Als Tee aus der Schlehenblüte wirkt sie als mildes Abführmittel bei Verstopfung und beruhigt den Magen. Ebenfalls wird die Anwendung bei Gischt und rheumatischen Symptomen in der Volksheilkunde empfohlen.

Die Früchte setzen sich aus Gerbsäuren, Fruchtsäuren, Bitterstoffen, Vitaminen und Mineralstoffen zusammen. Erwähnenswert sind hier vor allem der Gehalt an Vitamin C und verschiedenen B-Vitaminen. Vom Verzehr der rohen Früchte wird jedoch abgeraten, da der hohe Gerbstoffanteil zu Übelkeit und Erbrechen führen kann.

Wie der Holundersaft ist der Schlehensaft ein immunstärkendes Heilmittel bei Erkältung. Mund-, Hals- und Zahnfleischentzündungen können ebenfalls gelindert werden.
Schlehe, Prunus spinosa)

Verwechslungsmöglichkeiten der Schlehe

Während der Blüte ist die Schlehe durchaus mit Weißdorn verwechselbar, jedoch ist der Zeitpunkt der Blüte erst viel später und zwar dann, wenn bei den anderen Ostsorten die Blüte beginnt. Die Schlehe ist die erste Strauchfrucht, welche im Frühjahr ihre zarten Blüten zeigt.
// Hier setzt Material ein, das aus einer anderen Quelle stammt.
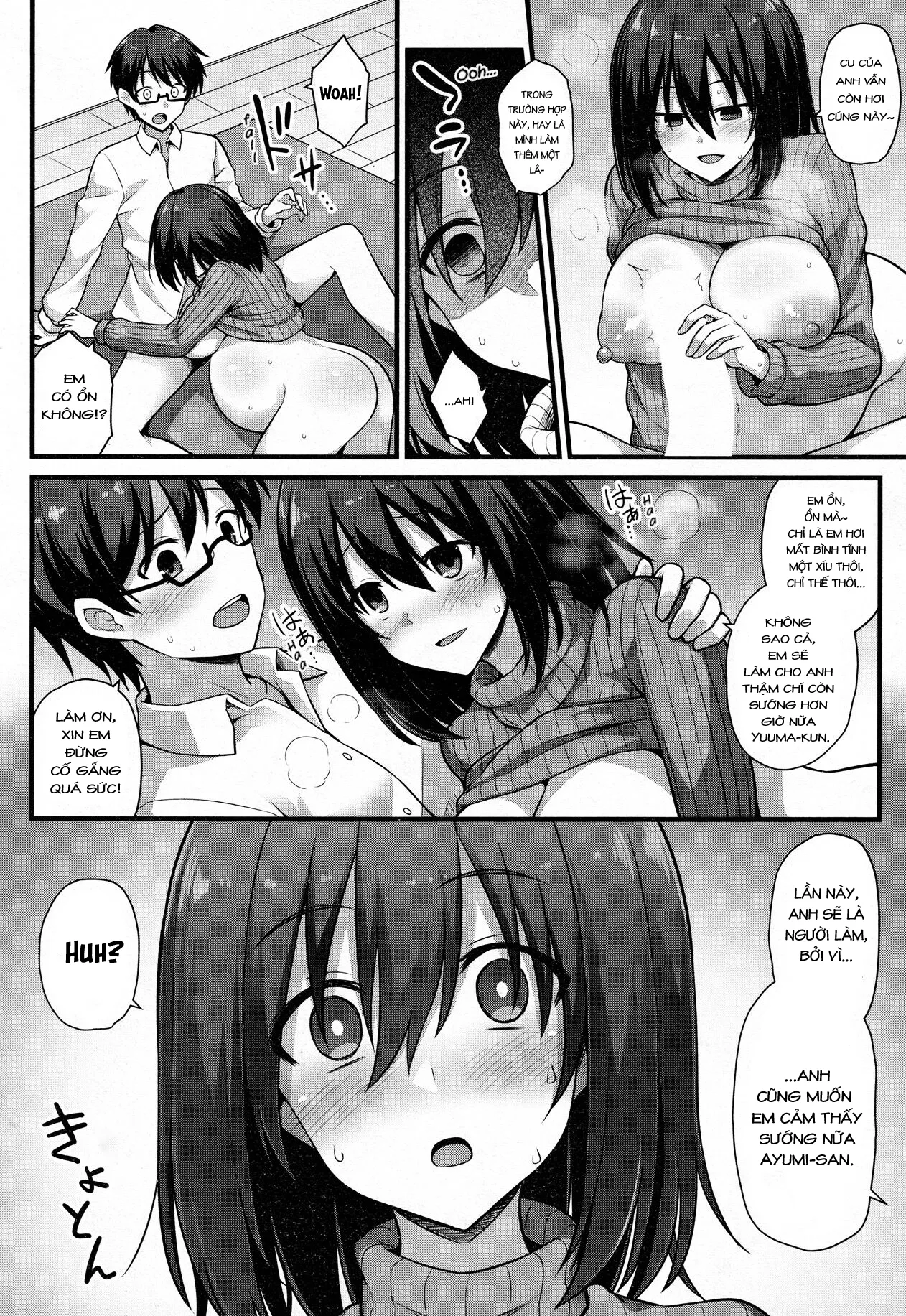 HentaiVN.net - Ảnh 34 - Ayumi-chan o Shiawase ni Shitai!! - Oneshot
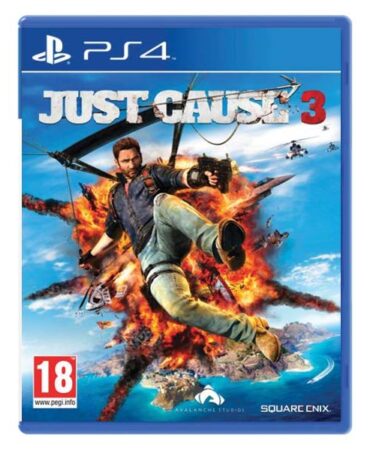 Just Cause 3 PS4 od Square Enix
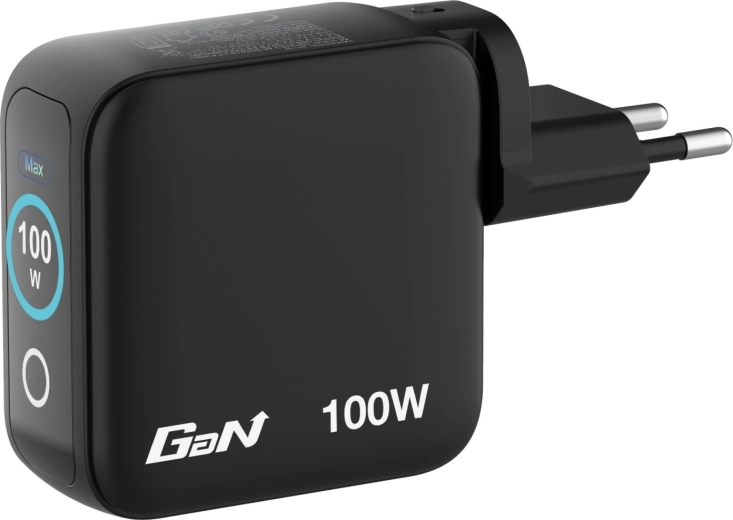 Jusqu’à 100 W et 3 ports pour plusieurs appareils à la fois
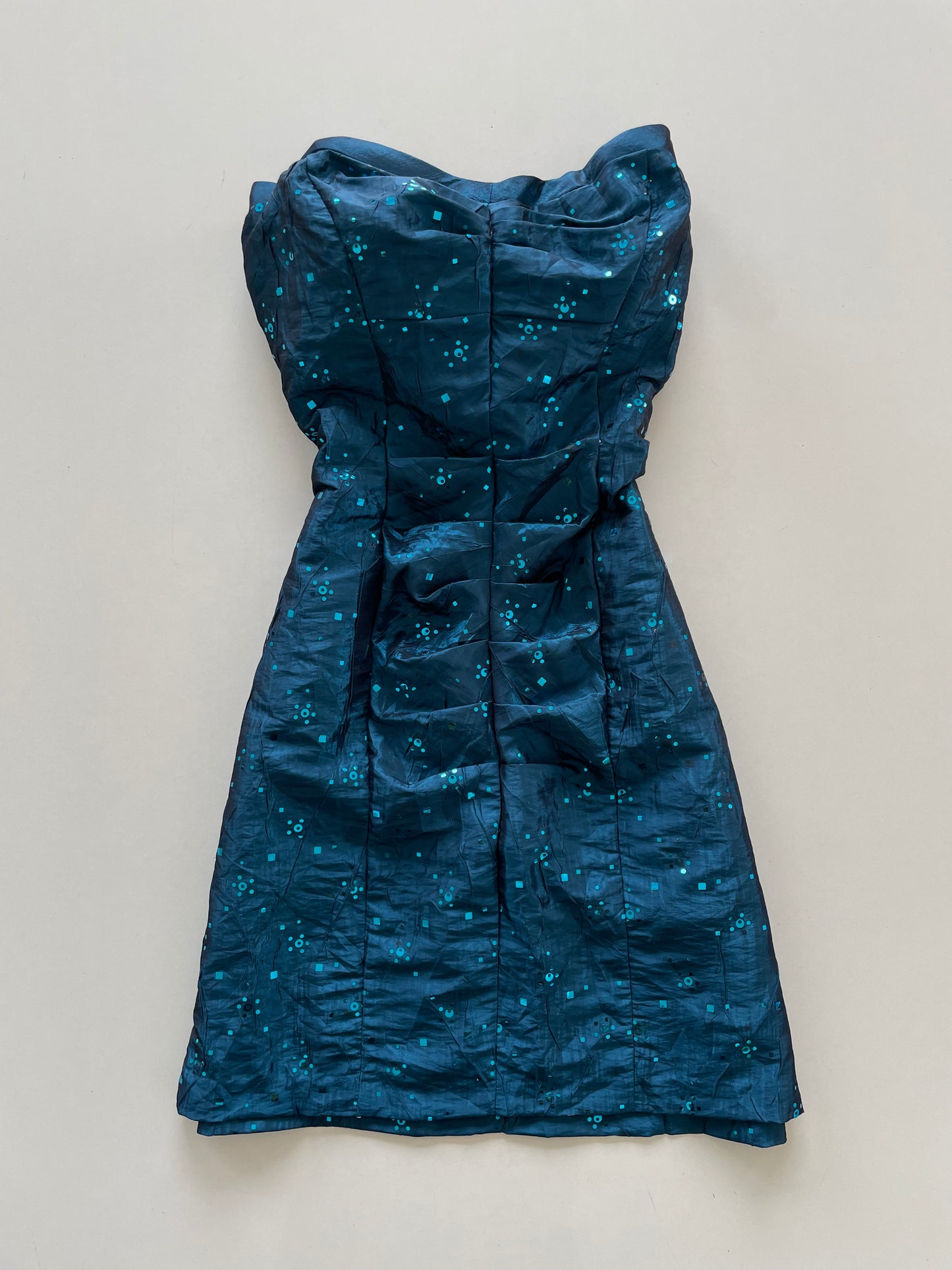 Zum Zum Vintage Tube Dress-Bust 38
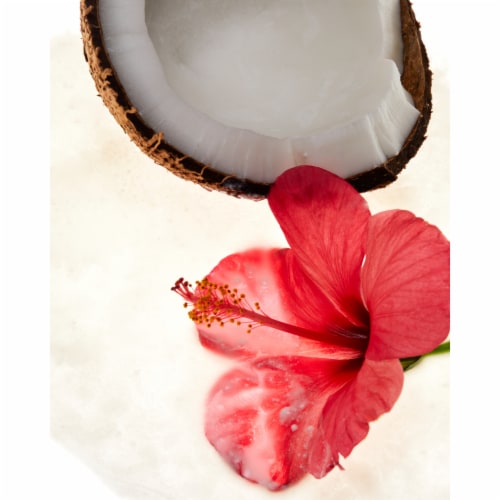 SheaMoisture Coconut and Hibiscus Curl and Shine Coconut Shampoo Perspective: bottom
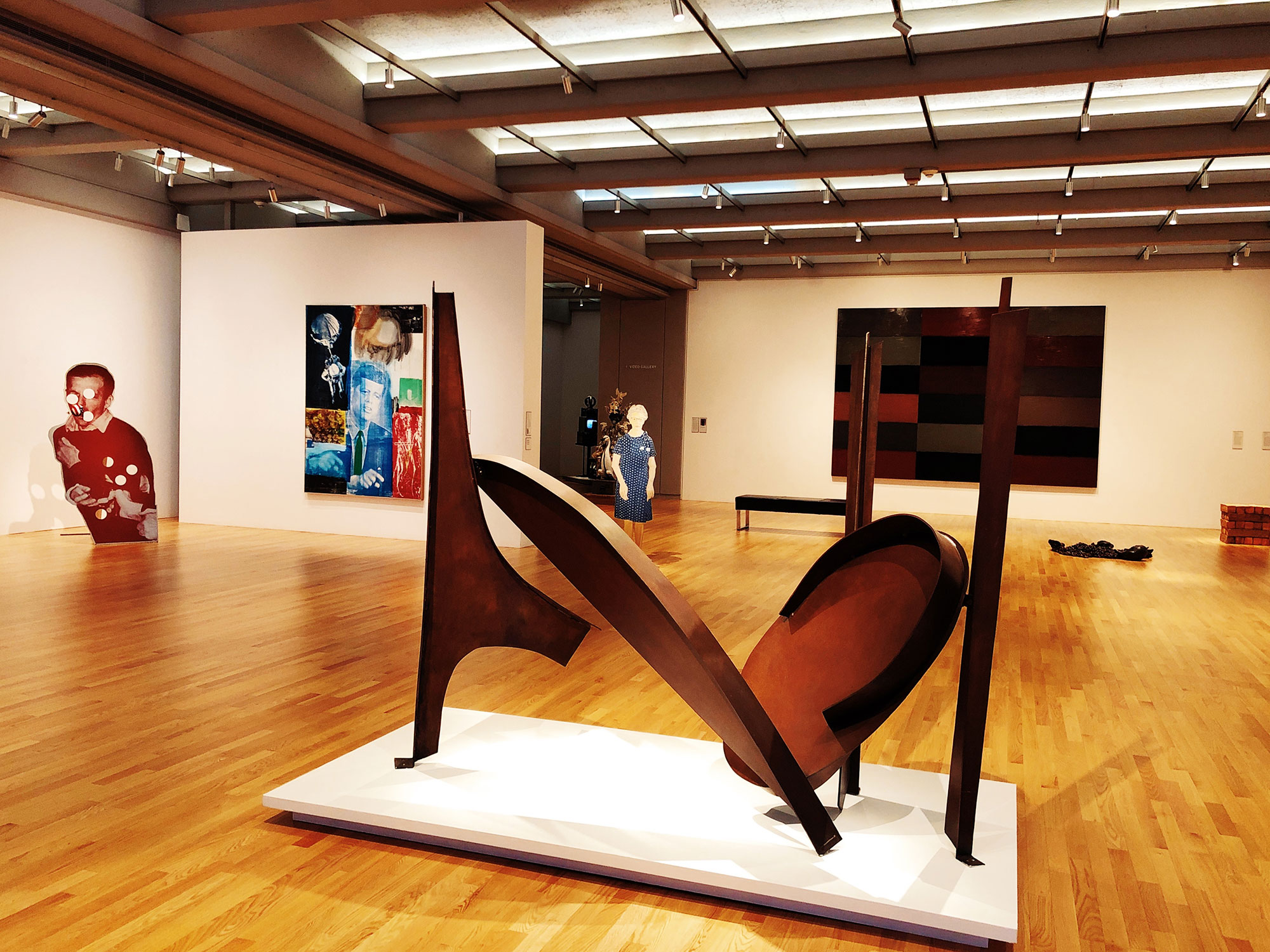 Gallery of the Wadsworth Atheneum Museum of Art in Harford, Connecticut 
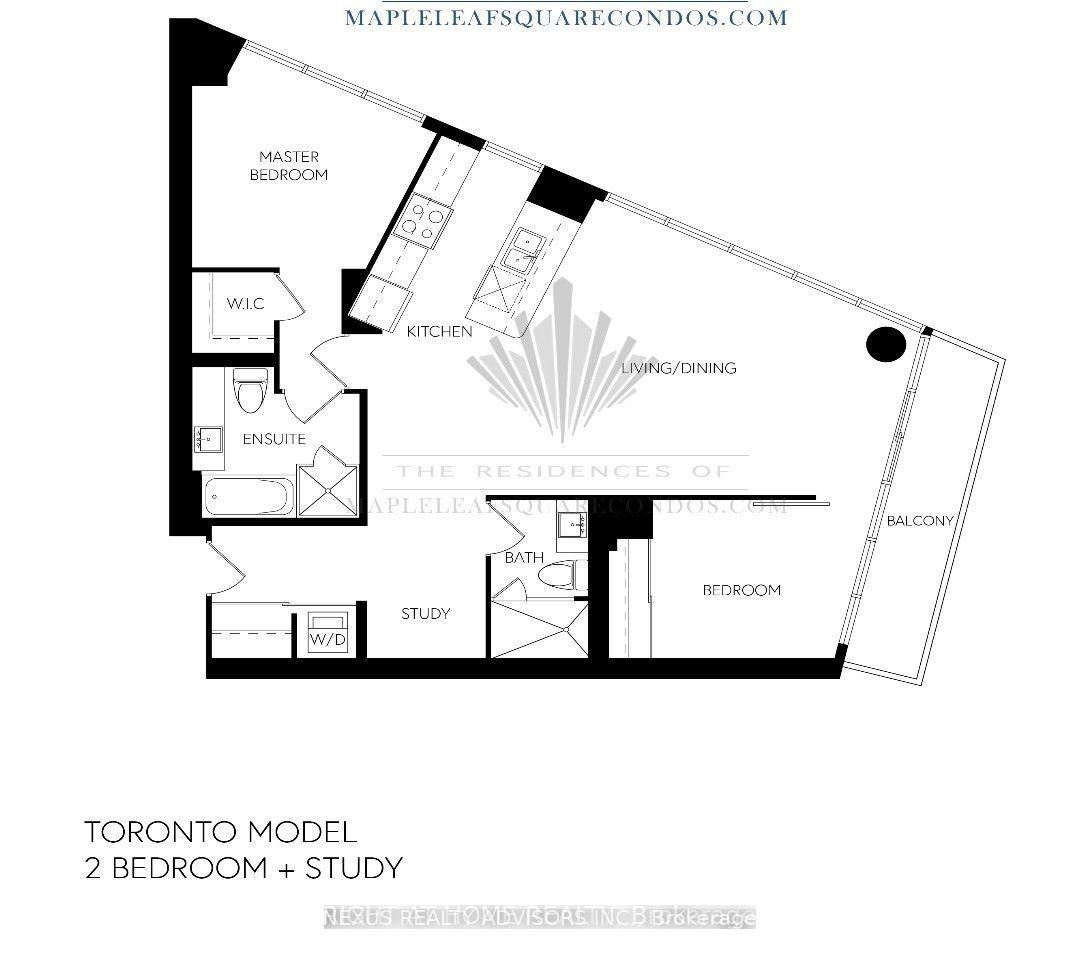2 Bedrooms Condo at 65 Bremner, Toronto For sale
Die Frucht der Schlehe ist mit anderen Wildobstarten nicht zu verwechseln, außer es handelt sich um eine verwilderte Hauspflaume und die kann auch roh verzehrt werden. Sollten Sie sich dennoch unsicher sein, sammeln Sie nur jene Früchte die Sie wirklich kennen.

Informieren Sie sich erst, ob Sie richtig liegen oder besuchen bessern noch einen Wildpflanzenkurs.

Verwendung und Aufbewahrung der Schlehe

Das gesunde Wildobst lässt sich zu vielerlei Köstlichkeiten verarbeiten.

Die sauren und herben Früchte entfalten aber erst nach den ersten Frosttagen ihr süßes Aroma und können hervorragend mit Apfel oder Quitte zu Marmeladen oder Gelee verarbeiten. Essig, Liköre oder Weine runden die kulinarischen Verarbeitungsvarianten ab.

Ein wohltuendes Wintergetränk kann aus Holunderbeeren und Schlehen bereitet werden.

Die Kerne sollten nicht mit verarbeitet werden, da sie Blausäure enthalten.
Schlehe
Eine weitere Möglichkeit ist es aus dem Fruchtmark der Schlehenfrüchte eine feine Schlehen-Joghurt Praline zu machen. Auf meiner Seite Rezept des Monats habe ich ein Rezept zusammengestellt.

Schlehen lassen sich einfrieren, Trocknen und als Püree hervorragend konservieren.
Die meisten Vitamine, Inhaltsstoffe und Heilwirkungen gehen aber nach längerer Lagerung verloren.

Also frisch gepflückt, frisch verarbeitet und frisch verzehrt.